# Problem description
Retype the data that follows exactly. No pictures belong in the copy.

# Data excerpt
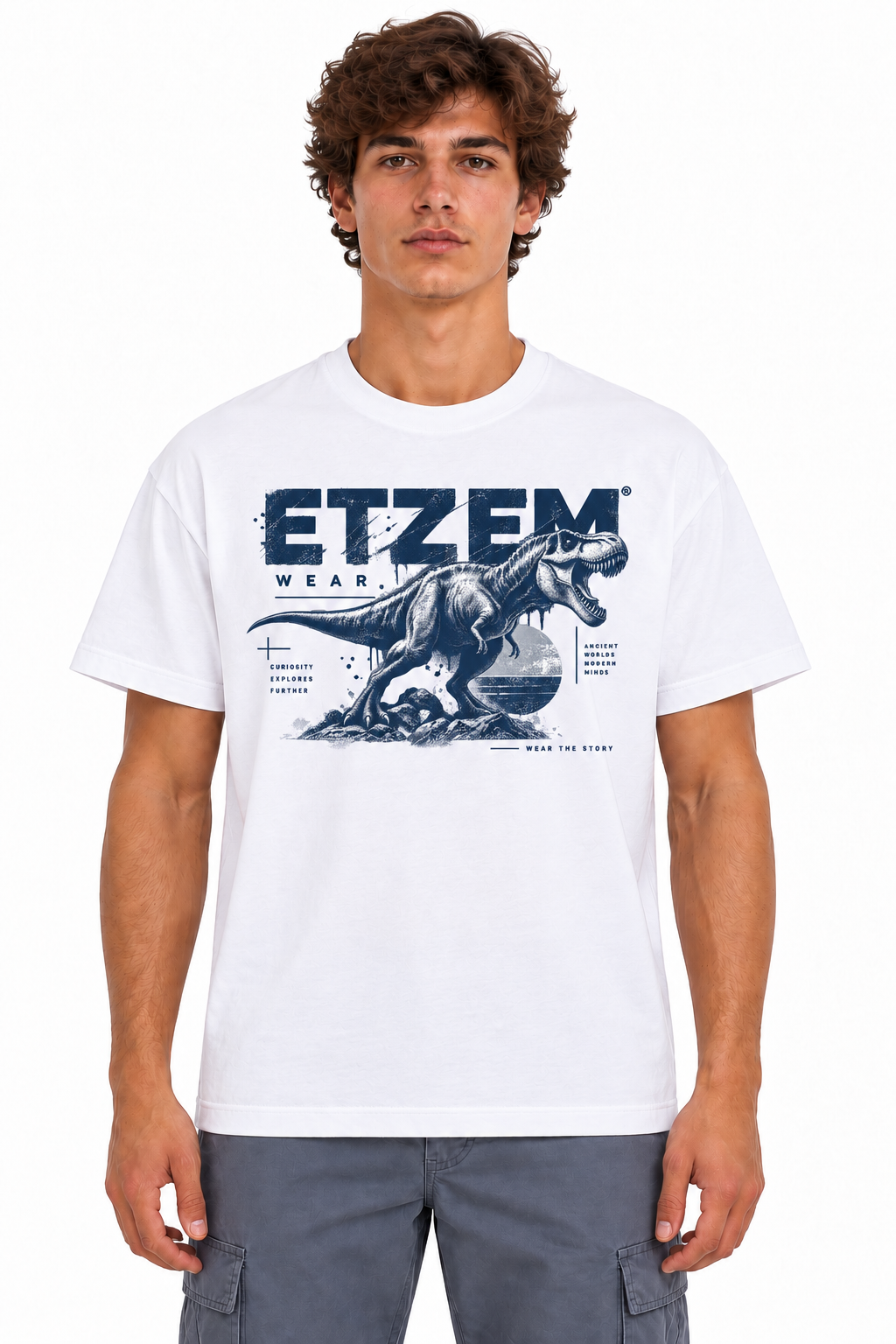 ETZEM T Rex Tee - White and Navy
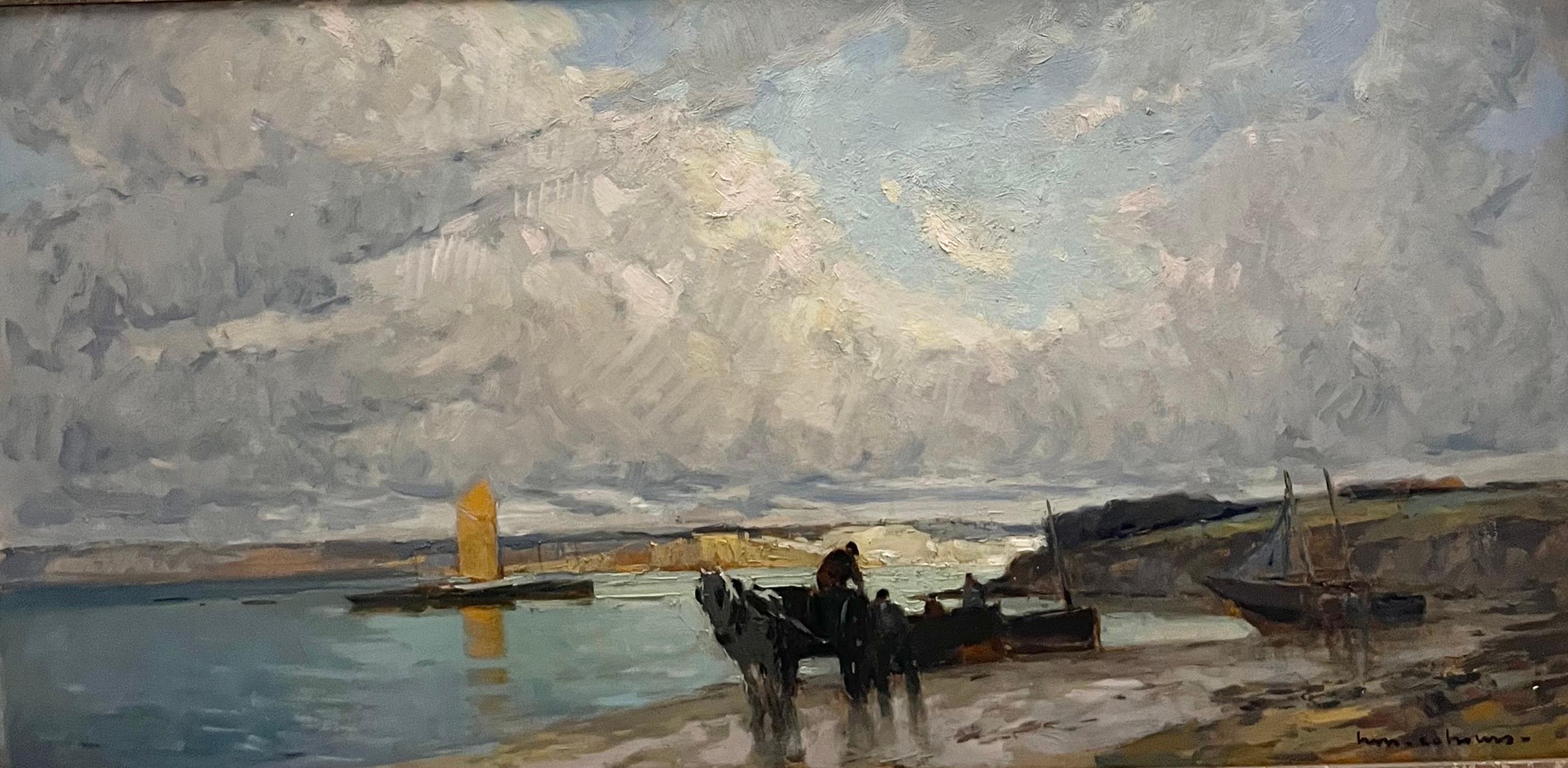 « Paysage du Nord de la France » Bretagne, huile cm. 100 x 50 Offre Livraison gratuite - Painting de Henry Maurice CAHOURS
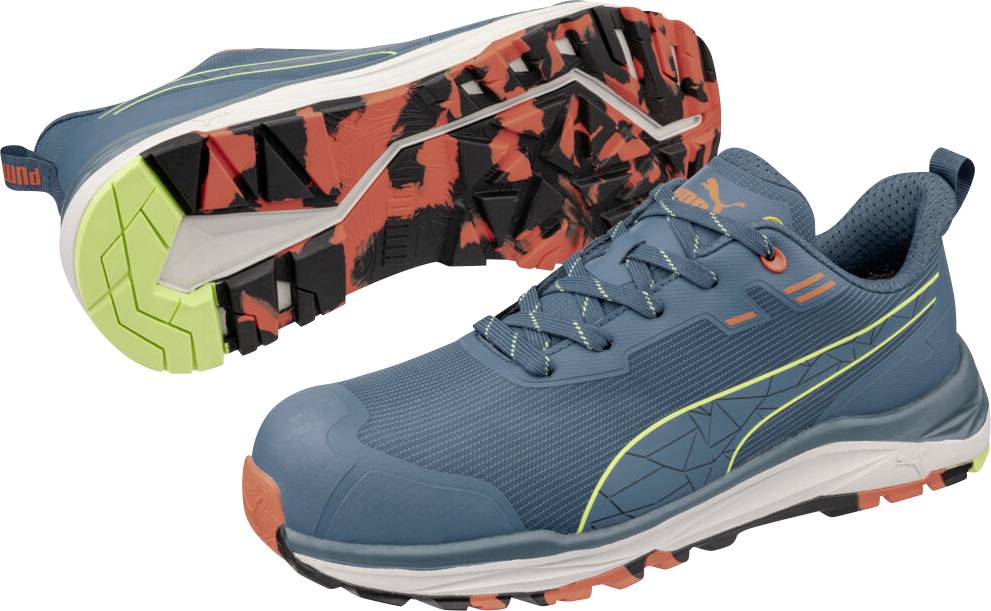 Paar blaue Trailrunning-Schuhe, gezeigt von oben und von der Sohlenansicht, die robuste orange-schwarze Profilsohle und gepolstertes Design hervorheben.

# Output of the task
 ETZEM T Rex Tee - White and Navy
 « Paysage du Nord de la France » Bretagne, huile cm. 100 x 50 Offre Livraison gratuite - Painting de Henry Maurice CAHOURS
 Paar blaue Trailrunning-Schuhe, gezeigt von oben und von der Sohlenansicht, die robuste orange-schwarze Profilsohle und gepolstertes Design hervorheben.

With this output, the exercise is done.